**What you are asked to do:** Taking the listing below, restate word for word each line from the line with "Custom Luxury Retro" to the line with "Gamblin Artist's Oil", ends included, and stop there.

======== Data ========

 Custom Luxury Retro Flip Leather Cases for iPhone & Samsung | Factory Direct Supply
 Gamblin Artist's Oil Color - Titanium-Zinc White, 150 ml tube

========
======== Data ========

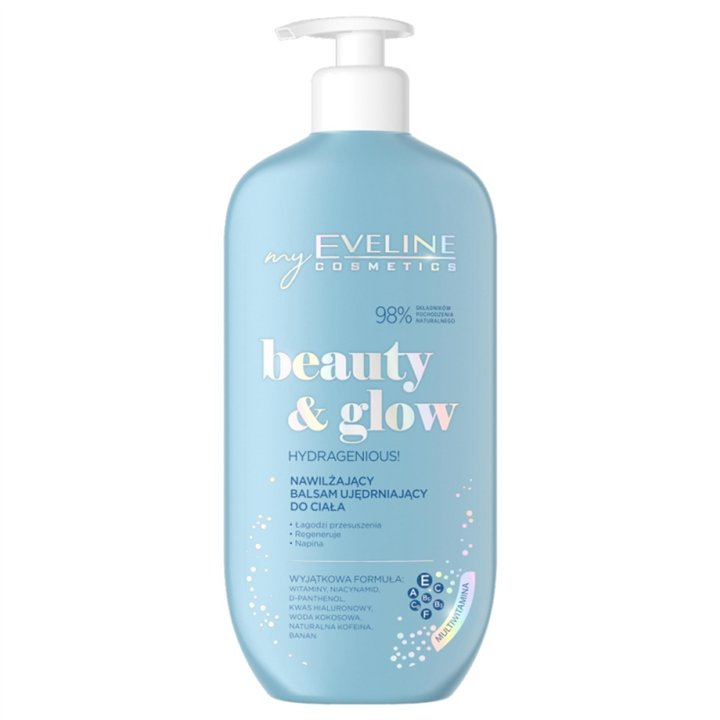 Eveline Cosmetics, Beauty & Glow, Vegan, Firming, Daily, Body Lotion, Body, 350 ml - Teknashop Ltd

========

**Answer to the exercise:**
 Custom Luxury Retro Flip Leather Cases for iPhone & Samsung | Factory Direct Supply
 Gamblin Artist's Oil Color - Titanium-Zinc White, 150 ml tube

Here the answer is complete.